A circular cowl has long been a favourite of mine. We don’t see many airplanes with this feature. At last Al Rabe with his intelligent articles ( thank you so much, Al ) has convinced me that there’s no mystery about round cowls. So my M 35 came into life.
      The Messerschmitt M 35 was a full size aerobatic machine of the 30s. With Willi Stoer she earned the title of German Aerobatic Champion several times. The image of power and competence makes her a suitable pattern for control line stunt applications.  

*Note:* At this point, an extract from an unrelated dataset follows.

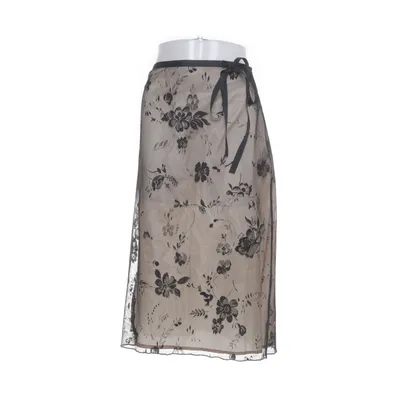 Omlottkjol (Beige, Svart) från George Polyester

My M 35 was built with a detachable wing. Mainly because I wanted to have access to the flap horn (s), because this would allow easy trim adjustment changes. The tailplane was fixed ( I wouldn’t do this again !). The circular cowl was built by gluing trapezoid blocks around multiple edged formers ( I’ve explained this method on another place here ). The rest of the fuselage is a simple box shape with additional fillers at both sides of the fuselage front. The wing is basically a trapeze planform with rounded tips, so it’s not difficult to build. Span is 156 cm ( 61 inch ); wing area 42,6 sq dm ( 661 sq inch ); weight 1750 gram ( 62 oz ! I never got that light again ); engine was ST 60.

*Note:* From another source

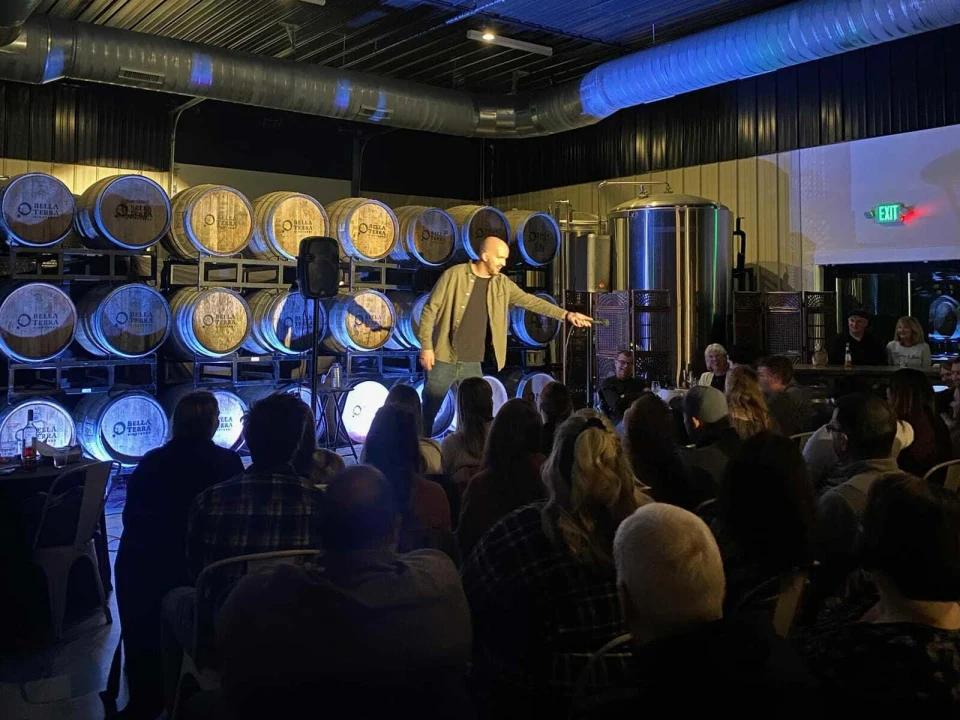 The Brewery Comedy Tour at Wandering Griffin: What to expect - 1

Oh, I forgot - this is not a “scale model”. The dimensions have been tailored to fit stunt dimensions, and even the overall shape has been “beautified” a little to satisfy my requirements of line and shape.


How can one judge the quality of an airplane, considering that it was flown 20 years ago? The stunt scene has changed, the competition has changed, and our flying skills have changed. So how can I rate the flying qualities of the M 35 ? I don’t know. Anyway - I have had the greatest contest successes with my M 35, including my best WC placing ever.